Perhaps we should make exceptions when it suits us. Except the need for exceptions never ceases if such an attitude is adopted. The grand juror who is bring suit against the District Attorney is doing so not for the cause of justice or even it its name. But rather an individual who has some emotional need to open up on the subject of the presentation of the evidence to that grand jury. We do not allow lawyers to serve on grand juries for a very good reason and that is conflict in interest. The individual who is bringing suit has no legal training, no understanding of the law in all its implications, so just what can this individual say that would shed light on the grand jury procedures? Now much of the evidence and the various testimonies have been made public.

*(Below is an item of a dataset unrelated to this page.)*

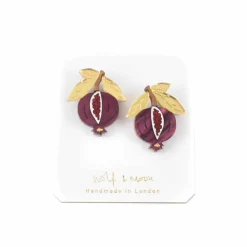 Wolf & Moon Mini Pomegranate Stud Earrings Clearance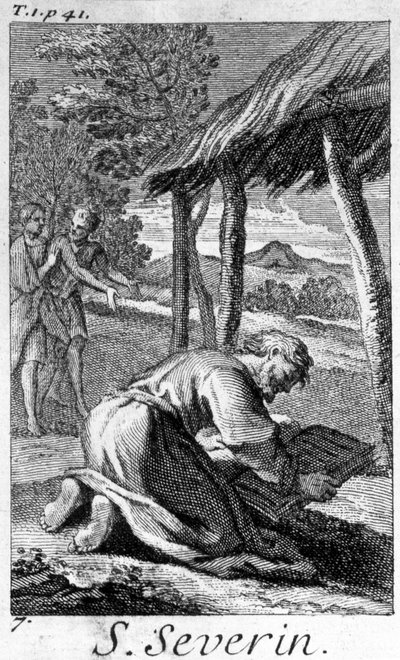 San Severino, evangelizzatore del Norico (attuale Austria), che legge. Incisione del XVII secolo. da Unknown artist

But beyond that, what else is there to debate? You think McCulloch’s handling of the case is suspect? Maybe so, but is a grand jury member the one to be in judgment of the handling? What new insight is to be gained? And even if Darren Wilson had been indicted and brought to trail, and that trial would occur many years in the future, it would not be speedy in the rush to judgment many in the public demand, that opens up another can of worms. After all, where would such a trial be held? We must assure that it would be a fair trial. Would all prospective black jurors be challenges as biased against the defendant? That is a very valid point when we consider the defendant’s right to a fair trial. In fact, due to the nature of the news coverage we might never be sure that a fair trial could be held. So how does this former grand juror feel that speaking about the procedures will help with the so called racial divide? It’s only a racial divide because the leaders of institutional race baiting have made it an issue that inflames the emotions and not the understandings of so many unthinking people. The only thing that is to be served is that grand juror’s personal vanity and with to become infamous in the history of racism. And yes, it is racism of the worst kind.